The global marketer of nutritional and weight loss products has been in the news lately for all the wrong reasons. Within the past month, the company has revealed an SEC inquiry into its operations, has recalled certain of its products due to allergy concerns, and has been the subject of a public feud between hedge fund managers over whether the company is a pyramid scheme. The combination of effects has been hard on investors, leading to weak stock price performance over the past year.

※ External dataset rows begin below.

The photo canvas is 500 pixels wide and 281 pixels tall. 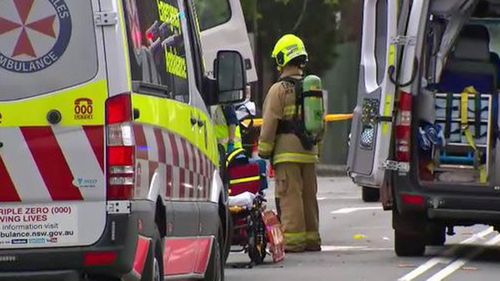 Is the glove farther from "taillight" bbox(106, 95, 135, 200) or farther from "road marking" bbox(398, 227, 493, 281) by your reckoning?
"taillight" bbox(106, 95, 135, 200)

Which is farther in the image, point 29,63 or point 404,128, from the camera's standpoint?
point 404,128

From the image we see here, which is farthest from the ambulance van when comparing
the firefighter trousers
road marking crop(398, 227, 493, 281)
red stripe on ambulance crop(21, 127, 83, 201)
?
red stripe on ambulance crop(21, 127, 83, 201)

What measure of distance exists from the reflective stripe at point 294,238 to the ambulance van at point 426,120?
110 centimetres

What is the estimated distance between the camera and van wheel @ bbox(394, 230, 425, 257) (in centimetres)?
1405

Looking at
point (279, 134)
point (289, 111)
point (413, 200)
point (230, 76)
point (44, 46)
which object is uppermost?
point (44, 46)

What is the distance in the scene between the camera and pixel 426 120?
13578 millimetres

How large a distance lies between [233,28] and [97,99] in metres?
8.96

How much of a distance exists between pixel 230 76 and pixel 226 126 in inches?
127

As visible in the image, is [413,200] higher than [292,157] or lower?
lower

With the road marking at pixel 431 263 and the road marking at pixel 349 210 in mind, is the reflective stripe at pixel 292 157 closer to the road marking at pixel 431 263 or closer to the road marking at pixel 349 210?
the road marking at pixel 431 263

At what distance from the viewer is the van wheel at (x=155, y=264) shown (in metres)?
8.13

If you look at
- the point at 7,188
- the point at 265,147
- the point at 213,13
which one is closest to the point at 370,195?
the point at 213,13

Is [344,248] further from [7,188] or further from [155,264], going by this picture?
[7,188]

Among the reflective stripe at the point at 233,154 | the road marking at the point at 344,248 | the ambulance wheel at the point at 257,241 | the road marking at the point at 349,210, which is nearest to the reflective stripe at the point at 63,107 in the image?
the reflective stripe at the point at 233,154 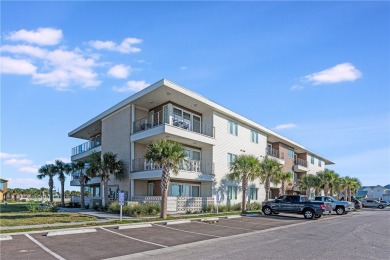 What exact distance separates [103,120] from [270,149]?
22565mm

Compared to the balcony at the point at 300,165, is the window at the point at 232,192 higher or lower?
lower

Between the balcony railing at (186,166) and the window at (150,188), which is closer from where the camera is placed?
the balcony railing at (186,166)

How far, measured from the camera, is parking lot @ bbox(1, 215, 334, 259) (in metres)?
11.1

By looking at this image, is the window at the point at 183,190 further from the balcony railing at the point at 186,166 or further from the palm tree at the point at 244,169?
the palm tree at the point at 244,169

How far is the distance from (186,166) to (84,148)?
18939 millimetres

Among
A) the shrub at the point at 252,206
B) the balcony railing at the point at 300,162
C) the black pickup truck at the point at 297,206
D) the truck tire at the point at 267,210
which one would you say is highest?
the balcony railing at the point at 300,162

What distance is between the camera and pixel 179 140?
31.1 meters

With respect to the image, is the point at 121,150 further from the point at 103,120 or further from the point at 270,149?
the point at 270,149

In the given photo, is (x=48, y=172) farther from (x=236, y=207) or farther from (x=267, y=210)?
(x=267, y=210)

In FY2012, Herbalife Ltd. (NYSE:HLF) reported solid financial results, with increases in revenues and operating income of 17.9% and 17.6%, respectively, versus the prior year. The company’s sales growth benefited from its global reach, with strong, double-digit sales gains in the Asia-Pacific and Latin America regions. Herbalife was also able to continue recruiting and retaining a productive independent sales force in 2012, with an 18% increase in active resellers of its products.
Despite the risks of its business model, Herbalife has strong operating cash flow and a solid balance sheet. The company is also making investments to increase its product manufacturing capacity, with the goal of manufacturing roughly 65% of its product line over the next few years. Once Herbalife Ltd. (NYSE:HLF) improves its financial reporting and overall transparency, it has the makings of a great investment story.
The weight loss industry is a tough place to do business, with short shelf lives for products and heavy marketing expenditures. Investors should stick with the companies that selling not just a product, but a way of living. Of the three players, only Medifast is delivering for investors and is one for the portfolio.